Ketika tanah ditutup, oksigen, air dan nutrisi tidak bisa menyerap dalam tanah dan menimbulkan tanah tidak subur. Makhluk hidup dalam tanah tidak mendapat makanan, air dan oksigen.  Selain itu air hujan juga tidak bisa terserap dalam tanah dan tergenang menimbulkan banjir.
“Perlu upaya agar kondisi ini tidak semakin parah dan makhluk hidup dalam tanah bisa kembali hidup,” kata Kamir Brata.
Caranya menurut Kamir, dengan membuat biopori, mengolah sampah organik (basah) menjadi kompos dan mengurangi sampah anorganik (kering) yang bisa menghambat penguraian taupun peresapan air dan nutrisi dalam tanah. Lubang biopori sangat penting untuk menyerap dan menampung air tanah kembali dan juga untuk menjaga kualitas lingkungan hidup.
Lubang biopori bisa dibuat dengan alat bor di halaman rumah yang masih ada. Ukuran diameter biopori ini 10 cm dan kedalaman 1 meter. Agar air mudah masuk ke dalam lubang biopori, perlu dibuat alur-alur ke arah lubang biopori. Besar dan dalamnya secukupnya agar air mudah mengalir ke lubang biopori.

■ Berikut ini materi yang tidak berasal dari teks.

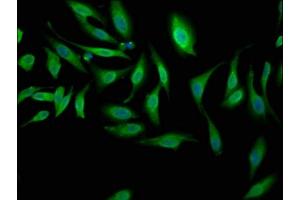 Immunofluorescence staining of Hela cells with ABIN7169088 at 1:100, counter-stained with DAPI. (NEK1 抗体  (AA 626-809))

Selain bisa menampung dan menyerap air, lubang biopori juga bisa diisi dengan sampah organik sehingga bisa menjadi kompos. Usahakan sampah anorganik tidak masuk ke dalam lubang biopori karena akan menghambat proses penyerapan air atupun pengolahan sampah organik menjadi kompos.
Pengomposan Metode Takakura
Membuat kompos dari sampah organik skala rumah tangga juga bisa dilakukan dengan metode takakura yang berasal dari Jepang. Menurut Daniel Mangoting dari Ellsppat, bahan-bahan yang diperlukan dalam pengomposan metode takakura yaitu keranjang dari bahan plastik polypropilen (agar tidak bereaksi dengan sampah dan menimbulkan zat-zat yang tidak baik dalam kompos), pelapis keranjang berupa kardus atau karung goni, bantal dari gabah padi diletakkan di dasar keranjang yang sudah berlapis kardus atau karung goni.
Fungsi dari bantal di dasar keranjang ini untuk menjaga kelembapan dan fungsi keranjang yang berlubang kecil-kecil agar tetap ada sirkulasi udara keluar masuk keranjang dimana proses pengomposan berlangsung.
Lalu masukkan biang kompos (kompos yang belum jadi) ke dalam keranjang yang sudah dilapisi kardus (karung goni) dan dasarnya ada bantal dari gabah padi hingga ketinggian ¾ keranjang. Buat rongga-rongga dalam biang kompos yang sudah masuk. Setelah itu masukkan sampah organik yang sudah dipotong kecil-kecil, tutup dengan biang kompos lagi dan bantal gabah padi. Lalu di atas bantal ditutup dengan penutup keranjang yang sudah dilapisi dengan kain.
Tutup keranjang dilapisi kain agar serangga dan lalat tidak bisa masuk ke dalam keranjang. Hari berikutnya pada pagi hari, sampah dalam keranjang bisa diaduk dan dimasukkan lagi potongan sampah berikutnya. Ditutup lagi dengan biang kompos, bantal dan penutup keranjang.
Setelah 2-3 hari di atas pengomposan akan terasa panas yang menandakan proses pengomposan berhasil. Juga terjadi penyusutan volume sampah dalam proses pengomposan metode takakura ini. Setelah dua bulan, kompos bisa dipanen dan digunakan untuk pemupukan.